**The task:** Beginning with the line containing "车自行车,公众的自行车停泊的采用公众的地区为巡回演出" and ending with the line containing "Used 2026 RAM", write out each line of the records below exactly; pictures and lines outside that range are left out.

══════════════════════════════

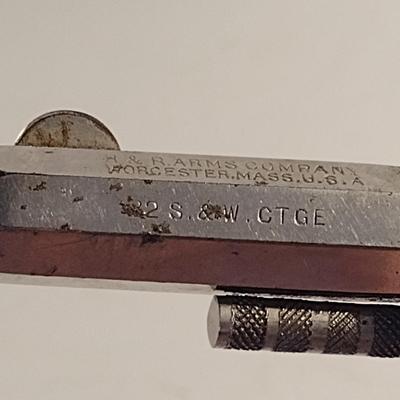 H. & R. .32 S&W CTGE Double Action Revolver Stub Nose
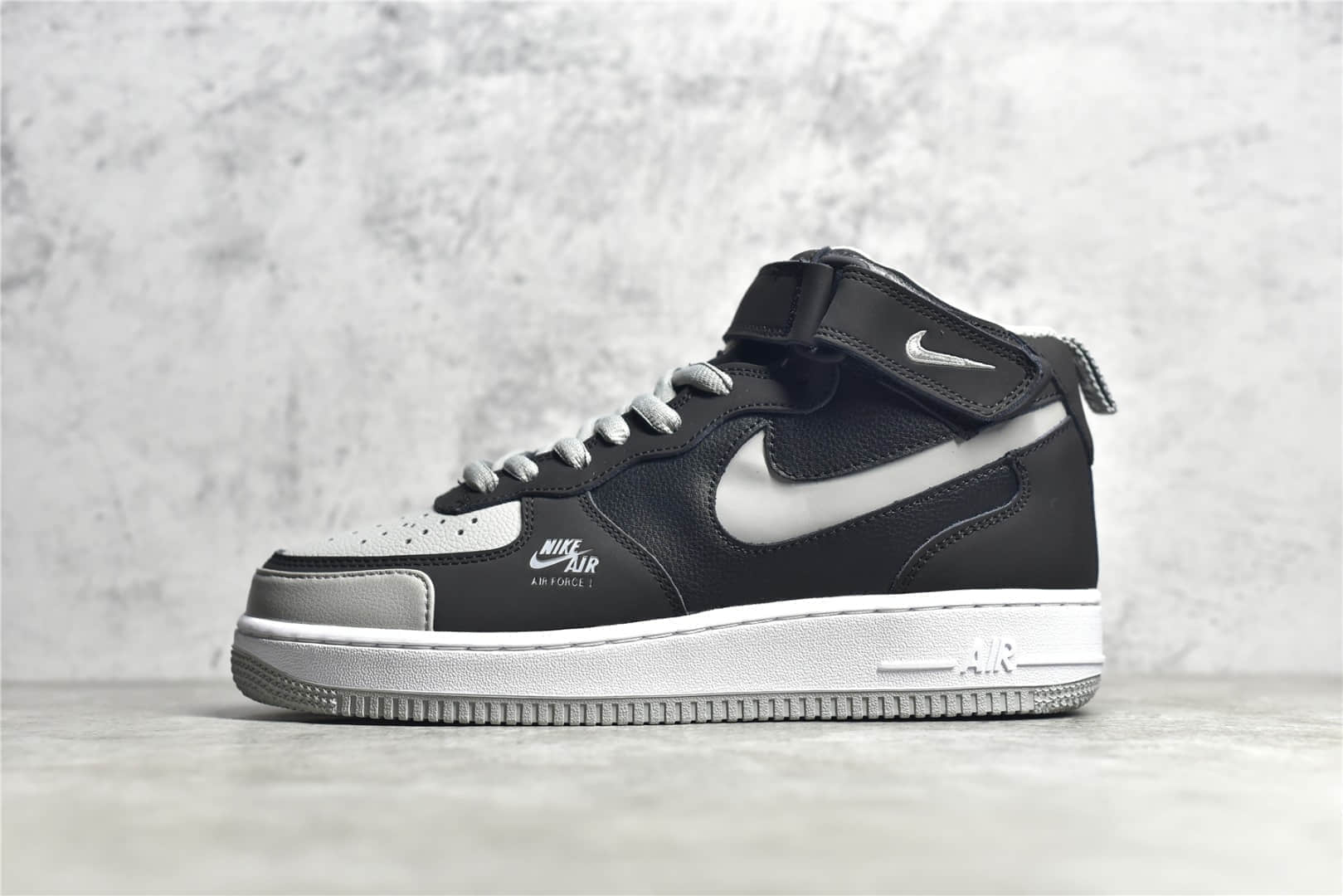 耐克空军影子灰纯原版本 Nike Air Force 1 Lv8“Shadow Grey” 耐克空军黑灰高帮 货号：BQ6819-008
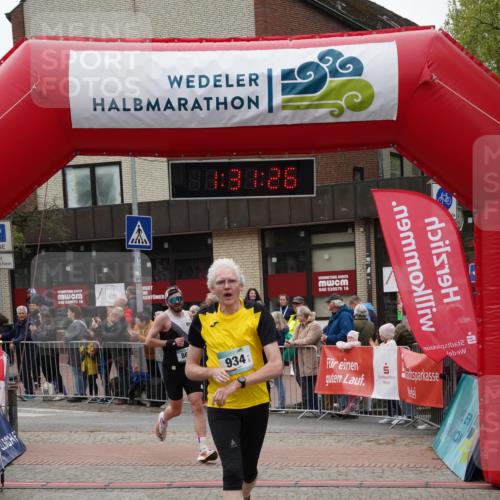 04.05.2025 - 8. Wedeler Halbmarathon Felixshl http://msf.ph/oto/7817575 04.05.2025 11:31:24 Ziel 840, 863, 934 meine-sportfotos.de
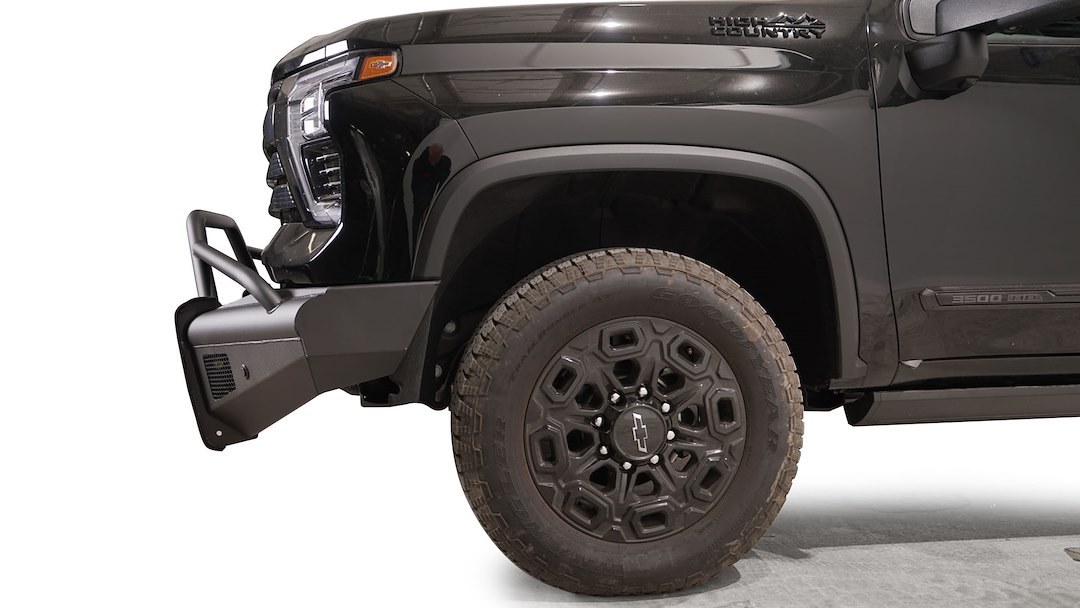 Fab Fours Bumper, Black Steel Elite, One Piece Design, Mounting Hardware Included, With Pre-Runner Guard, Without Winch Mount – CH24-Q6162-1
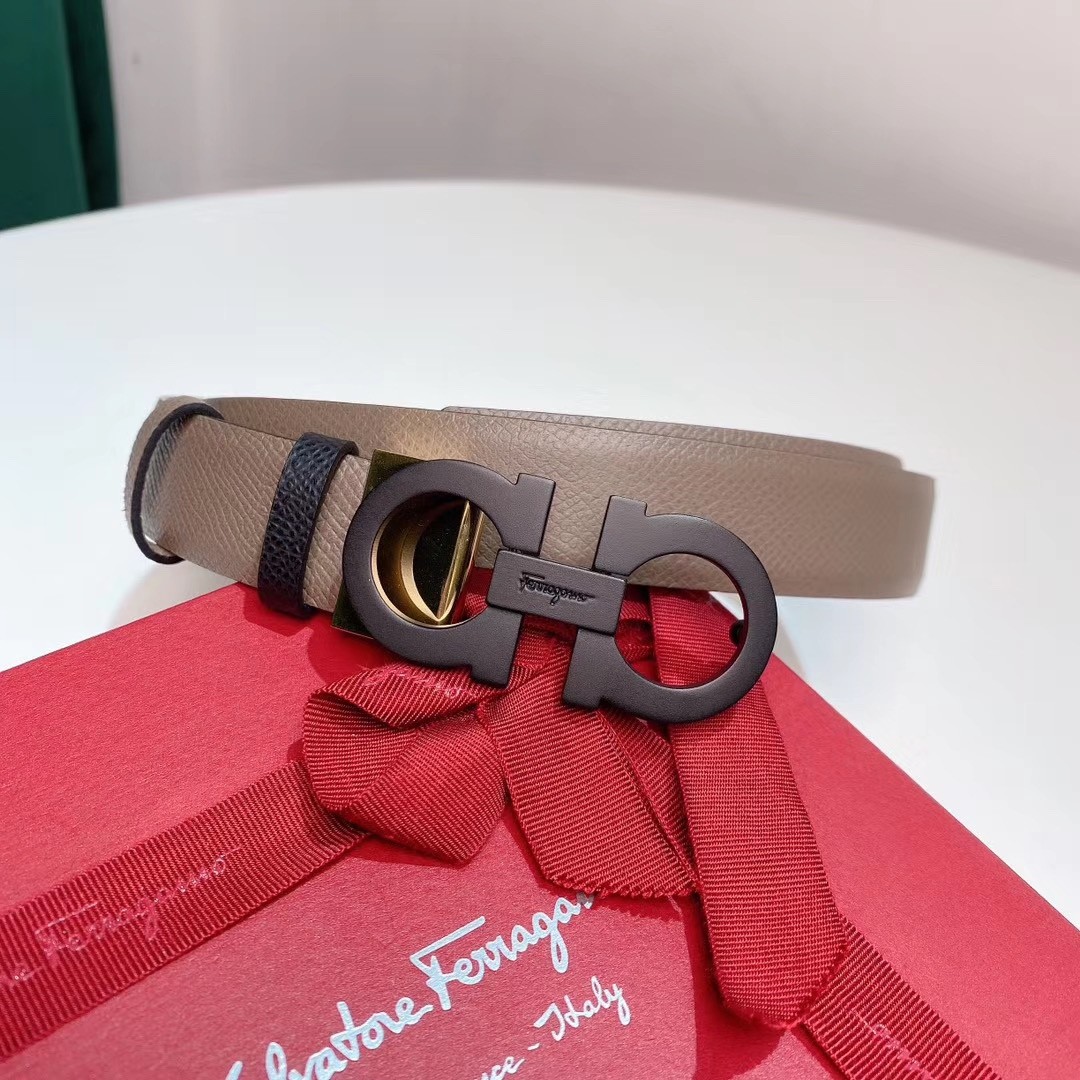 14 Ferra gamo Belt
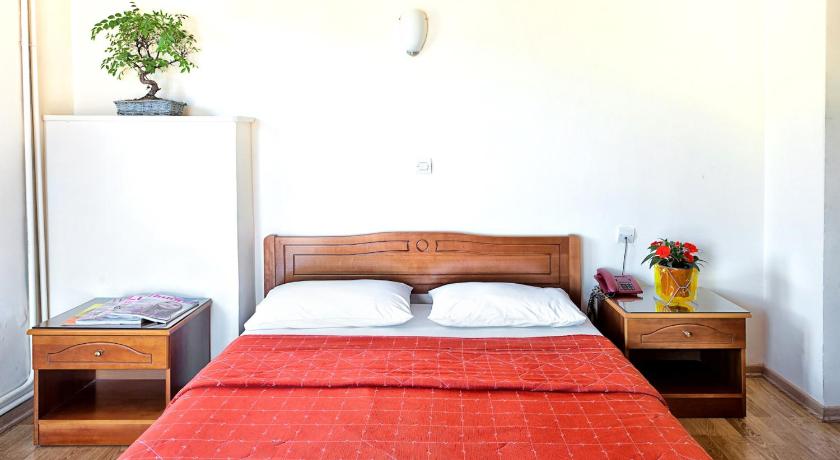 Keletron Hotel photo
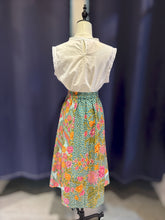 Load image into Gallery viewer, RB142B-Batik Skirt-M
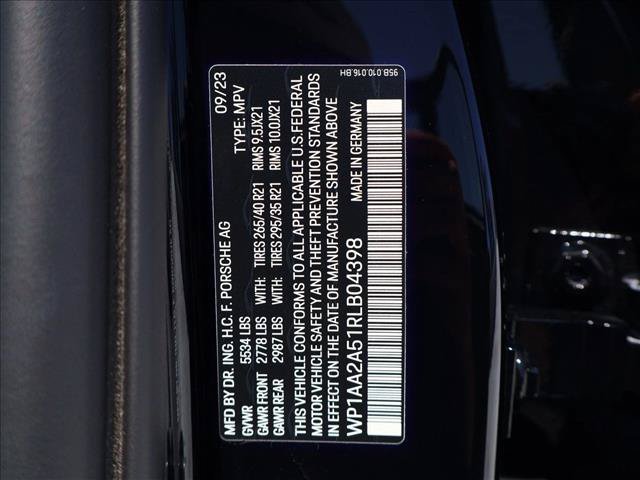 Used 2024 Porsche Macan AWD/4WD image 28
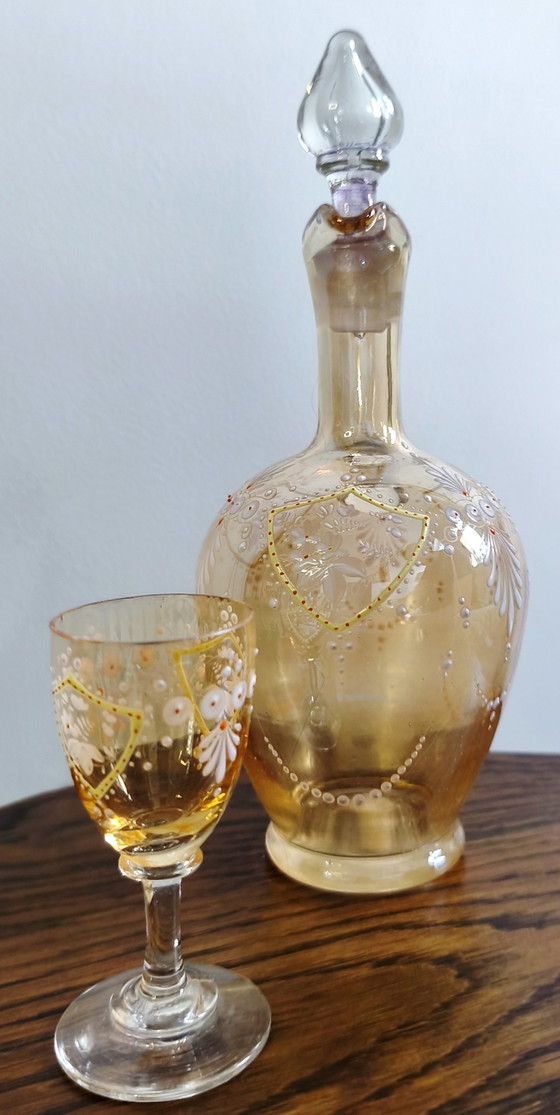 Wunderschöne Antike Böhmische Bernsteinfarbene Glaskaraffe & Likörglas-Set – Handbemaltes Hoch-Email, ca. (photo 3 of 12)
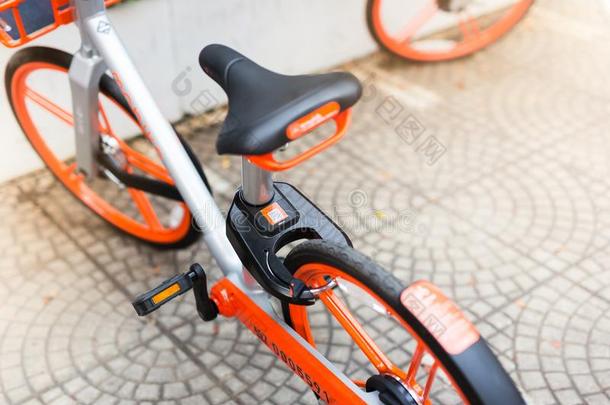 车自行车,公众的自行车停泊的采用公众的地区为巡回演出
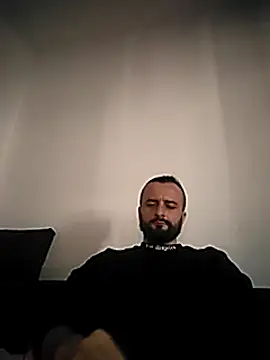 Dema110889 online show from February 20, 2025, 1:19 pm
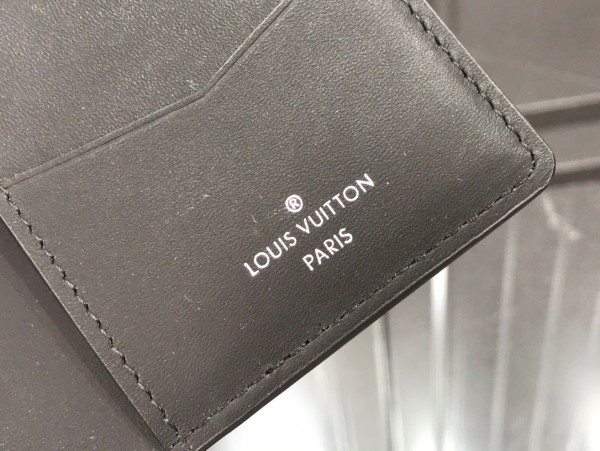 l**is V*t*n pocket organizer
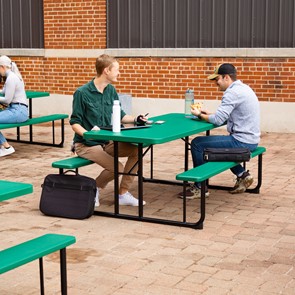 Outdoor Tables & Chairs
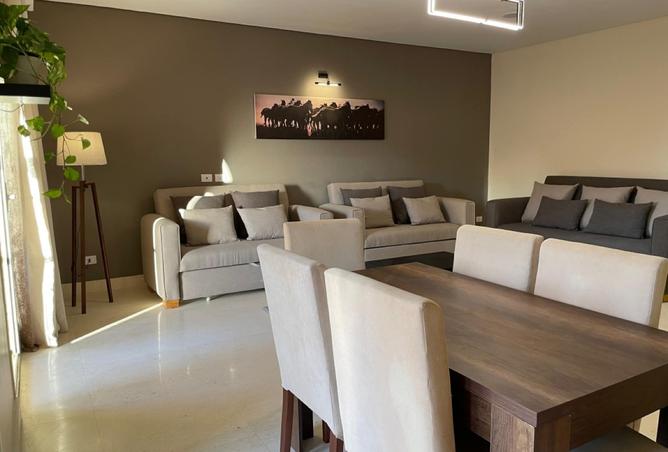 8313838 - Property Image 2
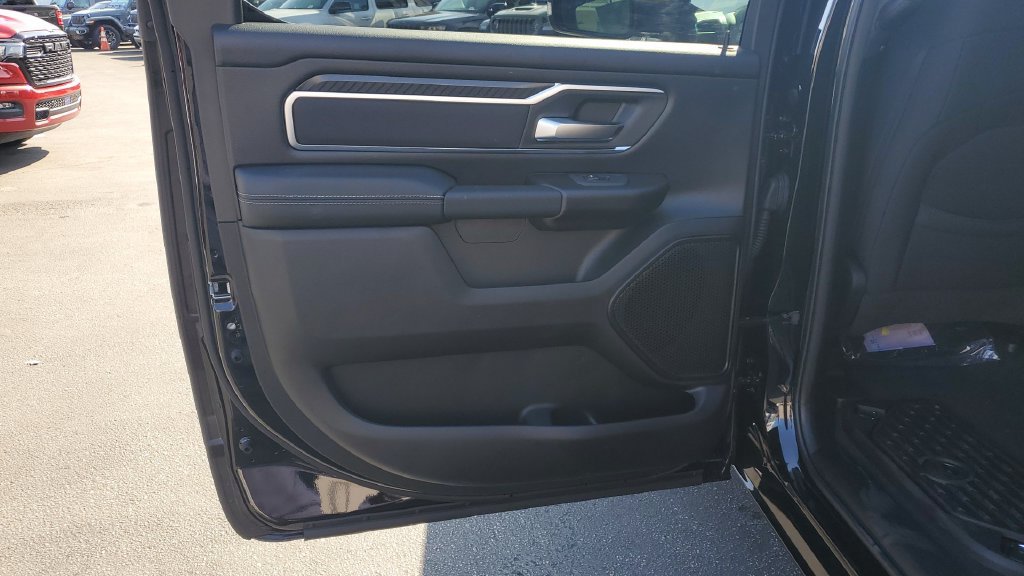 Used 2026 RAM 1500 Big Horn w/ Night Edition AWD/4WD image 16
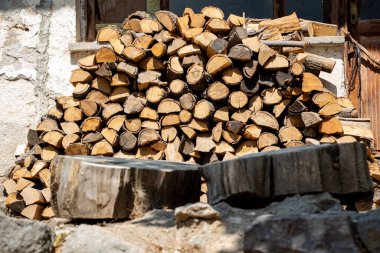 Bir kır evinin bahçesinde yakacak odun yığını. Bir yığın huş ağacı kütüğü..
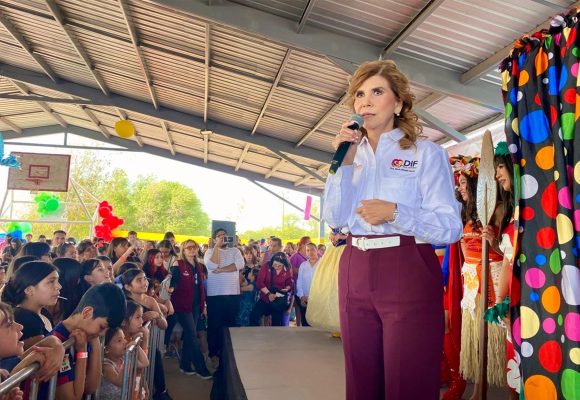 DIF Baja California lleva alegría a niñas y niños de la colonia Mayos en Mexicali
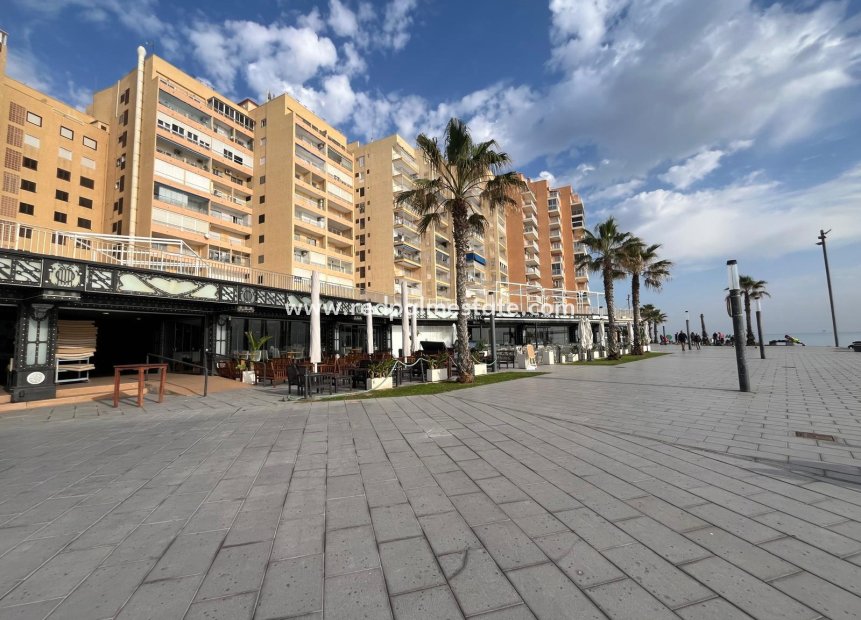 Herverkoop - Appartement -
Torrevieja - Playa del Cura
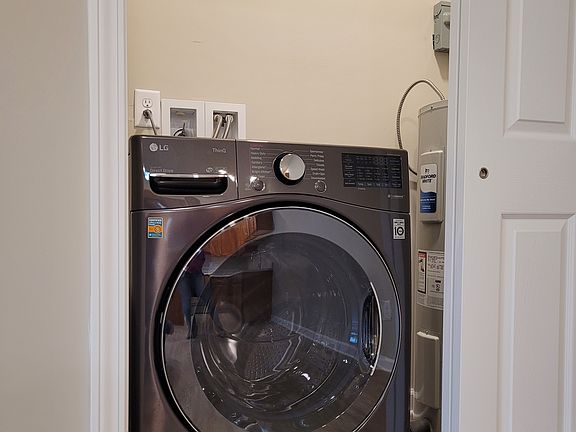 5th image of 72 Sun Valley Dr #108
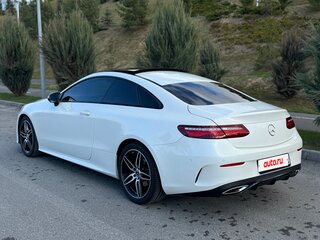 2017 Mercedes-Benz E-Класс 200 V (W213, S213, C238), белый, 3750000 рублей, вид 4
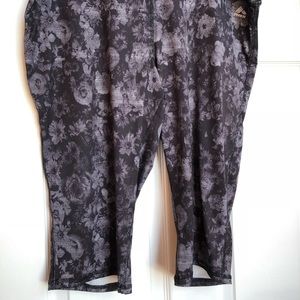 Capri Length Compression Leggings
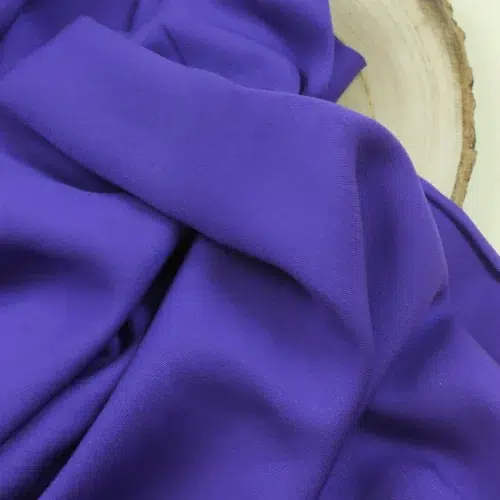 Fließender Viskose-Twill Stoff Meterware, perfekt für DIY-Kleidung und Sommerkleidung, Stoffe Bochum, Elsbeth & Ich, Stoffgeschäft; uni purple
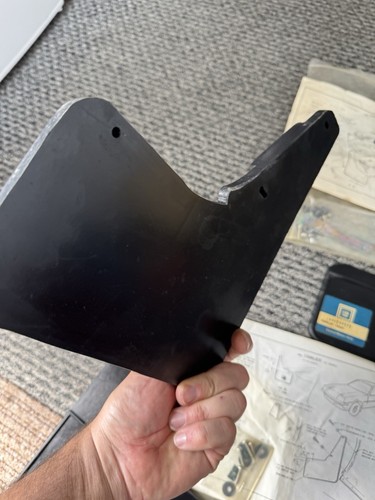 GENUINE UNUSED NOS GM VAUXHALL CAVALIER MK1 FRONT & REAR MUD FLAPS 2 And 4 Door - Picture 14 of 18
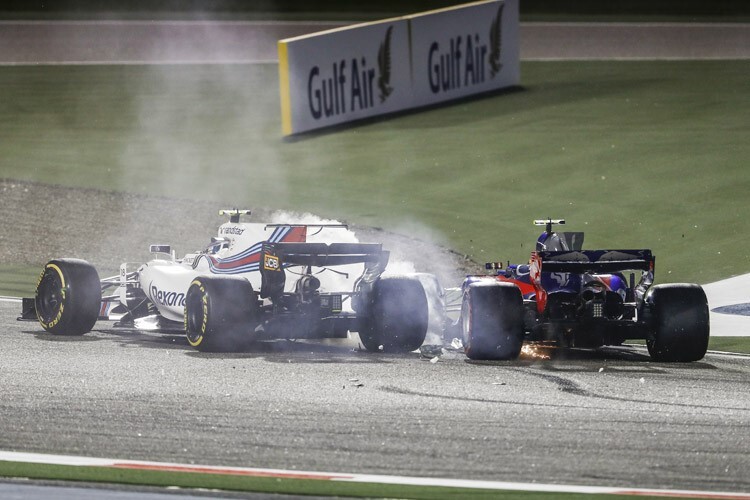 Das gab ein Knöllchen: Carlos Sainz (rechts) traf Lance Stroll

══════════════════════════════

**Answer area:**
 车自行车,公众的自行车停泊的采用公众的地区为巡回演出
 Dema110889 online show from February 20, 2025, 1:19 pm
 l**is V*t*n pocket organizer
 Outdoor Tables & Chairs
 8313838 - Property Image 2
 Used 2026 RAM 1500 Big Horn w/ Night Edition AWD/4WD image 16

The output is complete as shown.